Tuesday, December 02, 2003

Farewell to Israel

It has been two years since I have been living in Israel and it's time for me to say goodbye. I have very mixed feelings about leaving, because although i am going home, i am also leaving behind a part of my life that was clearly the biggest thing that has ever happened to me so far. The trip to Israel was the first time I had ever traveled outside the country, first time I had been in a plane even, but now I can reel off the answers to any security guy in the airport like a veteran :) I am heading back to bangalore tomorrow via ethiopia and bombay. I am really dreading the 24 hr bus ride from bombay to bangalore, but like everything else, this too will pass. I had a great time here, and I only regret not starting the blog earlier, because the blog gave me a sense of time here. And added a bit of surrealness when I found myself listed as an 'israeli' blog at other blogs. Thanks once again to Allison.

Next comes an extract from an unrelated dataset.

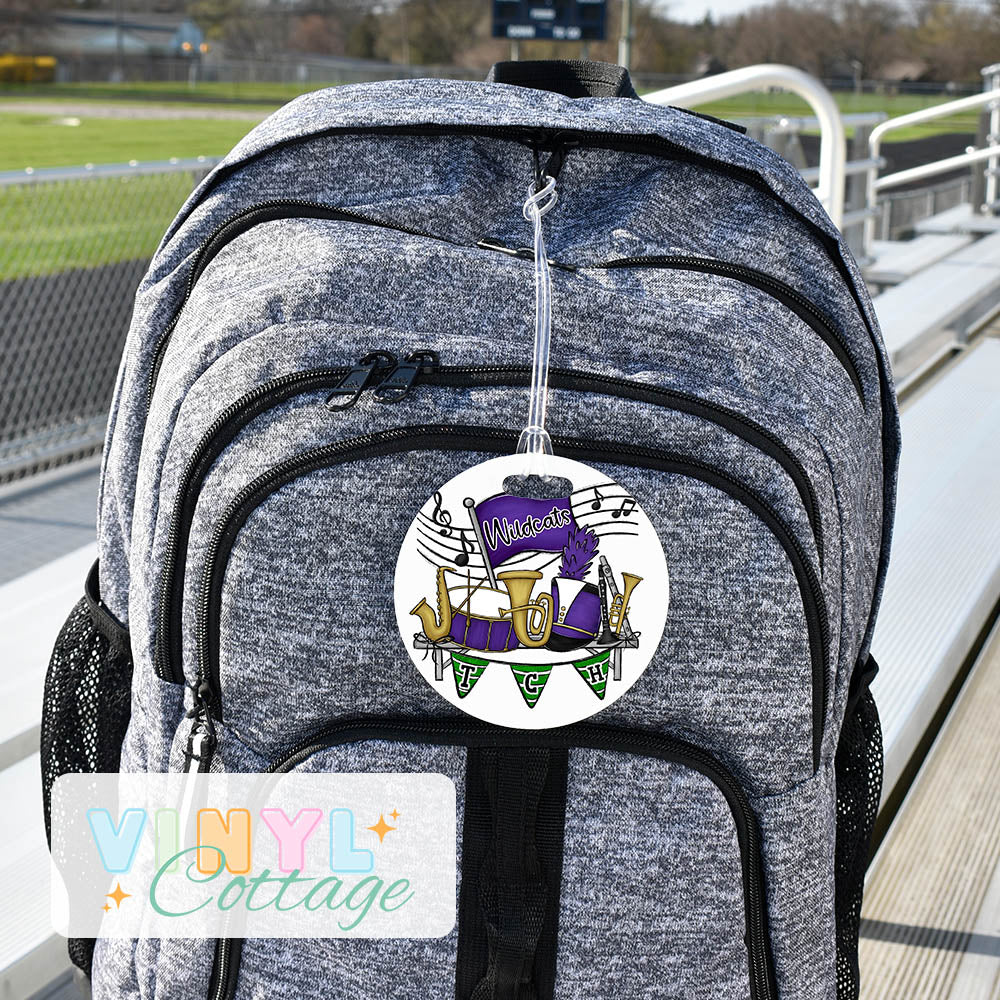 Marching Band Bag Tags ~ Customized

Sitting in the middle of the Negev erases all sense of the outside world and by chronicling even the tiniest bit of adventure made me more aware of the things that are happening here. Being in Israel, learning Hebrew, knowing the local customs and traditions, following the festivals- all these have changed me: I pay far more attention to things I just wouldn't have noticed in India. I have a more acute sense of politics now, while before I used to read just the comic section in newspapers. Maybe I will switch back to that anyway :). And knowing the situation here from the ground -so to speak- puts me in the unenviable position of being a supporter of Israel, despite my wish that the govt would run things in a better way. I think the main memories I will be taking back with me will be of the desert (there's nothing like doing a project in the Arava to make you keenly aware of the desert) and the immense diversity of people here. One might think that Israel is just a land of jews, but I have met people 'returning' from so many countries and using so many languages that the diversity is only to be wondered at. And of course the incredible international feel of the desert school, where you hear the chatter of atleast five languages at any given time and where you can make friends from all the continents. I will now spend the rest of my life trying to get rid of so many words that I found indispensable here -"nu", "beseder", "ma pitom"....etc, words that I now say automatically. I have too much to say and too little time, and a suitcase to pack as well, and I will write more once I get back. But the world is a sphere and paths are destined to cross, so rather than a final goodbye I shall say lehitraot.